‘We should have been more thoughtful in how we approached this panel,’ group states
The New York State Writers Institute recently issued a statement apologizing for canceling a “Girls, Coming of Age” panel because some participants expressed concerns with “being on a panel with a Zionist.”
At issue was moderator Elisa Albert, who is Jewish and has voiced concerns for Israel in the wake of last year’s Oct. 7 terrorist attacks. The panel, set for an annual book festival co-sponsored and held at the University of Albany, was canceled by the group Sept. 19.
“Basically, not to sugar coat this, [two fellow authors] don’t want to be on a panel with a ‘Zionist,’” Mark Koplik, assistant director of the institute, wrote in an email to Albert, The Free Press reported. A few days after that report, the institute apologized.
“This was a terrible situation, and we should have been more thoughtful in how we approached this panel and the concerns that were raised by all the authors. The New York State Writers Institute is committed to programming that celebrates diverse voices and facilitates conversations that create opportunities for understanding and mutual respect,” the Sept. 26 statement read.
“In this instance, we did not live up to that ideal.

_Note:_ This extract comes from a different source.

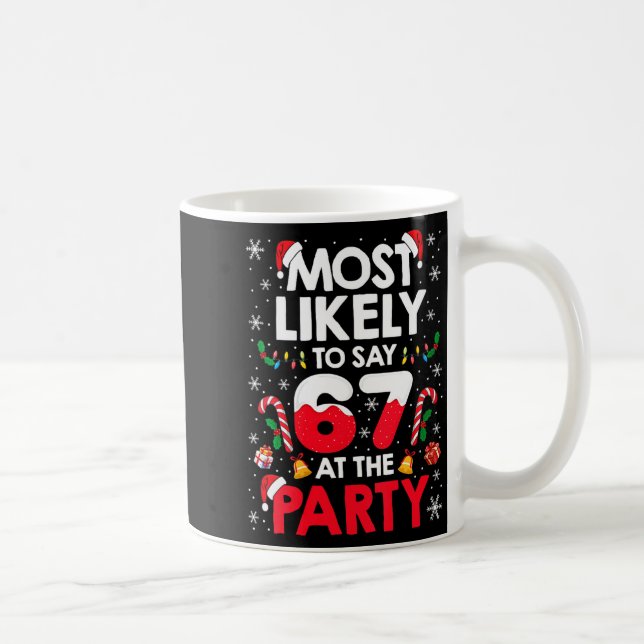 Womens 67 Funny Christmas Meme Most Likely To Say  Kaffemugg (Höger)
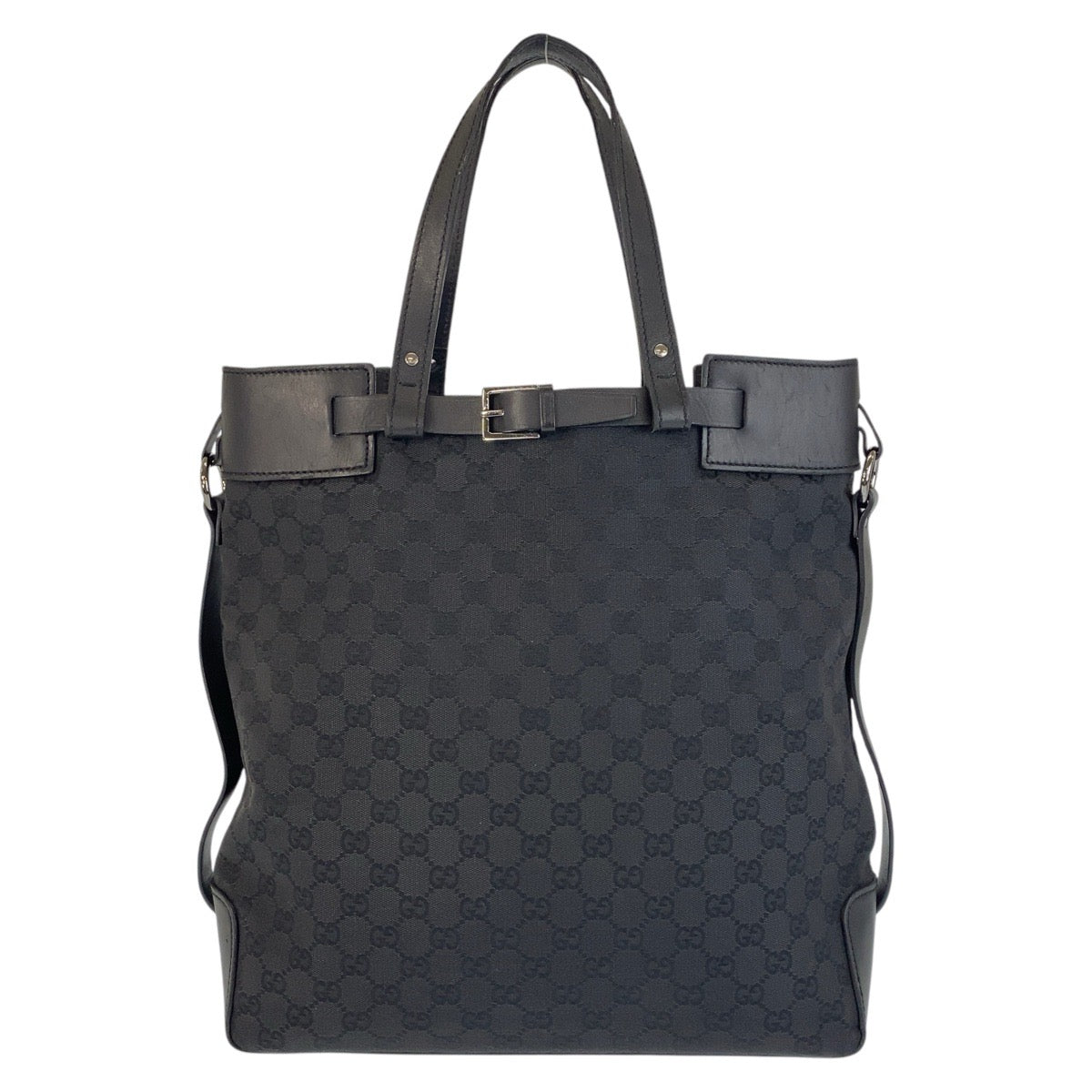 GUCCI Tote Bag 107736 GG canvas, leather Black black Tote Bag Shoulder Bag Women Used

We apologize to the participants of the panel for not treating this programming with the careful consideration it needed and for any consequences they faced as a result.”
Albert, in an email to The College Fix, said she had been surprised by the cancelation.

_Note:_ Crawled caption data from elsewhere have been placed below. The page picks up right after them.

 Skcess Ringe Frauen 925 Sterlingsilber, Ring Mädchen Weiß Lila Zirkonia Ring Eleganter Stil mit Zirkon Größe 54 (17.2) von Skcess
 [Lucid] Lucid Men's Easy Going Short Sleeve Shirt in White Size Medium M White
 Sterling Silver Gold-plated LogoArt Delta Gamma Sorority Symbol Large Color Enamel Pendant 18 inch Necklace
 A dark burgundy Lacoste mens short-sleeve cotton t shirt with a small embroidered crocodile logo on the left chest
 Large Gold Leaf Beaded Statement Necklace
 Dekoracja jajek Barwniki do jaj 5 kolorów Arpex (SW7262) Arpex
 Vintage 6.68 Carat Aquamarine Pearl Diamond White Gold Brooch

“I did not and do not know these authors, there was no conflict between us, because there was no dialogue,” Albert wrote.
The two panelists at the center of the controversy are Aisha Gawad and Lisa Ko.

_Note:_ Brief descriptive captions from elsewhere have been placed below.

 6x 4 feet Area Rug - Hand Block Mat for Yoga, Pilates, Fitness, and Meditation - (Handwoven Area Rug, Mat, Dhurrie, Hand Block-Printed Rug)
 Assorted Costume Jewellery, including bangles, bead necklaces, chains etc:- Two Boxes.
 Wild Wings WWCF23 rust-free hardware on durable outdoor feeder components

In a statement to The Fix, Ko wrote: “I was concerned about statements that this individual had made, including calling those who have spoken out against the ongoing violence of Israel’s war on Gaza ‘terror apologists.’”
However, Ko said she “never refused to participate on the panel,” and “the accusation that I withdrew because the moderator is Jewish, or that I am unwilling to appear onstage with someone who is Jewish, is hurtful and completely false.”
“The Festival informed me that I would no longer be attending,” Ko said. “I discovered the organizers had emailed the moderator separately to tell her that I had refused to appear on the panel with her — misinformation that has gone on to foster an increasingly hostile response toward myself and others, including defamation and death threats.”
Contact information for Gawad could not be found despite a thorough search. The writers institute has yet to respond to The College Fix’s request for comment.
Albert said she is “a zionist who is very much for palestinian solidarity and safety and a Middle East forever free of terror proxies and theocratic fascism.”
“Those authors weren’t trying to engage with my Jewish identity or learn more about why it’s important to me that jews have a right to live in peace and safety; they were just trying (ineptly) to smear and malign me,” she told The Fix.
“The NYSWI basically didn’t want to confront this issue on my behalf, so they did the most cowardly thing possible and canceled the panel, in hopes that it, and I, would just go away, essentially. I told them this was a mistake, but they brushed me off,” Albert said.